CULTURA

A major da PM que tirou a farda

César Fraga / Publicado em 18 de dezembro de 2001

“O que você fez pela cultura da paz, hoje?” Não precisa responder agora. Mas, pasme. A pergunta é de uma major da Brigada Militar mineira. Trata-se de Míriam Assumpção e Lima, que lançou em outubro seu livro A major da PM que tirou a farda. Ela esteve divulgando seus escritos em Porto Alegre, na Feira do Livro, antes mesmo do lançamento oficial no último dia 15/11, em Belo Horizonte, cidade onde vive. Além de oficial, ela é pós-graduada em administração pública e mestranda em Ciências Sociais. Até o final do ano passado dava aulas para os cursos de graduação e pós-graduação da Academia de Polícia Militar e na Fundação João Pinheiro, em Minas Gerais. Mãe de dois filhos, gosta de valorizar o ser humano que está dentro da farda. “Este gênero chamado gente, vem antes de qualquer coisa, inclusive da farda”, afirma com voz calma e contundente, a mulher que tem sob seu comando vários soldados e não hesitou em tirar suas roupas de soldado para poder se aproximar de jovens de periferia disputando-os com o apelo sedutor do tráfico, da violência e da criminalidade.
Veja alguns trechos da conversa da autora com o Extra Classe:

Extra Classe – Qual a intenção do seu livro?
Mirian A. Lima – Em primeiro lugar, mostrar que antes de mais nada, nós policiais também somos humanos. Daí o ato simbólico de tirar a farda nas atividades que realizamos na periferia. De certa forma, estávamos dizendo: Olha, não somos diferentes de vocês, também somos gente.

EC – Que tipo de atividades foram desenvolvidas?
Mirian – Em setembro de 2000, começamos a realizar atividades nas localidades mais carentes com o objetivo de afastar os jovens da criminalidade e da violência com música e teatro.

EC – Você teve problemas na caserna por causa disso?
Mirian – Inicialmente sim. Até porque saiu nos jornal Estado de Minas assim: “Major da PM despe a farda para alunos”. Bom, isso caiu como uma bomba. É óbvio que tive de cumprir algumas punições, mas já é algo superado. Mas o saldo é positivo. O legal deste trabalho é que no início trabalhávamos apenas com jovens carentes, agora já estamos alcançando também alunos da rede privada com enfoques diferentes.

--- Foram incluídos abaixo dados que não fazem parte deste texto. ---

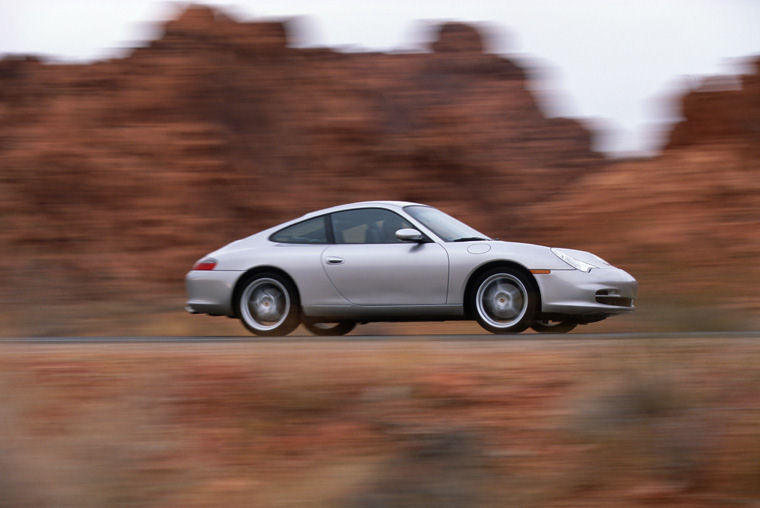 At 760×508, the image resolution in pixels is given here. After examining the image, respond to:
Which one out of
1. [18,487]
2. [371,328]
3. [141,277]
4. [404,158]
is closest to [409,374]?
[18,487]

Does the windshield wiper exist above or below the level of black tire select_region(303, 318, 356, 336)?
above

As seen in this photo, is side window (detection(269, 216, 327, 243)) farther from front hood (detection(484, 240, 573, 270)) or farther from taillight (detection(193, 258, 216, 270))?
front hood (detection(484, 240, 573, 270))

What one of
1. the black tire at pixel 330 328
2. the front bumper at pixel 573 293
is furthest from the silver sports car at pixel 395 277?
the black tire at pixel 330 328

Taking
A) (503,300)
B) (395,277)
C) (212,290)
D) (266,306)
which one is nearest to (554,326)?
(503,300)

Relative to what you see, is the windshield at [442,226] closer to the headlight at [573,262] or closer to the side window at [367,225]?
the side window at [367,225]

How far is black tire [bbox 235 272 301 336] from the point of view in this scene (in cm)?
1012

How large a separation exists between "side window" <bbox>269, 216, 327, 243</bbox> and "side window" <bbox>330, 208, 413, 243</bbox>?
127mm

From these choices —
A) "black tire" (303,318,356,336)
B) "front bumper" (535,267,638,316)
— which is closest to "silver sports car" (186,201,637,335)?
"front bumper" (535,267,638,316)

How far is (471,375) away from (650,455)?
181 cm

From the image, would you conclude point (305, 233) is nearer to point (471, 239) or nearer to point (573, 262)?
point (471, 239)

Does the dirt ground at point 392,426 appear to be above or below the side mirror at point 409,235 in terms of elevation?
below

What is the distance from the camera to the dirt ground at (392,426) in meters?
5.75

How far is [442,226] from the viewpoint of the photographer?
33.3 ft

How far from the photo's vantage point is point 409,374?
7484 millimetres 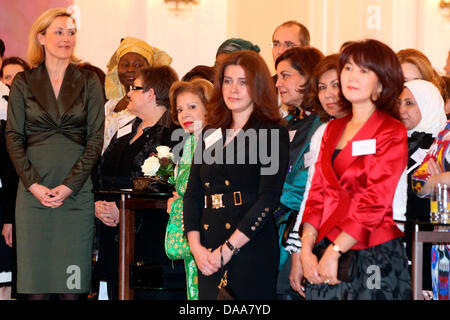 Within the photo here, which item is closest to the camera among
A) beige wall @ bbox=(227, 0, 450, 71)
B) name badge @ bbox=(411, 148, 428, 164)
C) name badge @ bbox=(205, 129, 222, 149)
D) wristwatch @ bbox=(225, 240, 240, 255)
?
wristwatch @ bbox=(225, 240, 240, 255)

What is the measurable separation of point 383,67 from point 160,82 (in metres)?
2.25

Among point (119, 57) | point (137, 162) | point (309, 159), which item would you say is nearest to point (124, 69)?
point (119, 57)

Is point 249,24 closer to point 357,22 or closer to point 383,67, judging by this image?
point 357,22

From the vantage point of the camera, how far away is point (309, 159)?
3.63 m

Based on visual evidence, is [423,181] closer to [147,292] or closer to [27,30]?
[147,292]

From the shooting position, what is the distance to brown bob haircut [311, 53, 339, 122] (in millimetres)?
3703

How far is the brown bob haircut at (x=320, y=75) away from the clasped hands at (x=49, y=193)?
1659 millimetres

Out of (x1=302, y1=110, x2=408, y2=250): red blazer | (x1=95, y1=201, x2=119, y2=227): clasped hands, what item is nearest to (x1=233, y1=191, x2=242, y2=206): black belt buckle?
(x1=302, y1=110, x2=408, y2=250): red blazer

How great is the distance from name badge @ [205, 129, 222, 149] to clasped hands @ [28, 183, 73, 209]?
1224 millimetres

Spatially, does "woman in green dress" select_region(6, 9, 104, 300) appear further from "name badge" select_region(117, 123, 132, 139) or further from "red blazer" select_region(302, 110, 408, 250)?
"red blazer" select_region(302, 110, 408, 250)

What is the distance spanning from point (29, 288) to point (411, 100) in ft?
8.54

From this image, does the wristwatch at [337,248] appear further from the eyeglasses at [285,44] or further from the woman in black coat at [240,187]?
the eyeglasses at [285,44]

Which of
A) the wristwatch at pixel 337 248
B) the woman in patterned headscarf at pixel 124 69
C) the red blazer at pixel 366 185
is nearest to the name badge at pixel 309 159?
the red blazer at pixel 366 185

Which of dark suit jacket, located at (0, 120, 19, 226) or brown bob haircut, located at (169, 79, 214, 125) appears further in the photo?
dark suit jacket, located at (0, 120, 19, 226)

EC – Que tipo de consciência vocês tentam despertar nesses jovens?
Mirian – Na periferia, principalmente, tentamos lutar contra a síndrome do fracasso de que o destino deles está traçado para a derrota, o que não é verdade. Tentamos mostrar perspectivas dentro do universo de dificuldades em que vivem, com enfoque nas potencialidades e não nas carências. Dentro do que é possível.

EC – Como vocês lidam com criminalidade e violência?
Mirian – Em primeiro lugar, tentamos desfazer uma grande confusão que a maioria das pessoas fazem em considerar que as duas coisas são a mesma. O mais comum é considerar que a prática de um ato infracional é violência, o que não é. Muitas vezes a violência não assume a forma de um crime, pode ser psicológica, na forma de discriminação, preconceito.

EC – Como a senhora situa a iniciativa de vocês dentro de um contexto geral da polícia militar no país?
Mirian – Eu acredito que este processo de aproximar-se do povo, deve ser tarefa de todas as instituições, não apenas da polícia. Historicamente as polícias têm funcionado pelas elites e para as elites. Particularmente, eu quero uma polícia que atue para o povo, de forma humana, menos repressora. Mas este é um processo cultural, as coisas não vão mudar da noite para o dia. Nossa iniciava não reflete o pensamento da polícia como um todo, mas fazemos parte deste todo e estamos, de alguma forma propondo mudanças.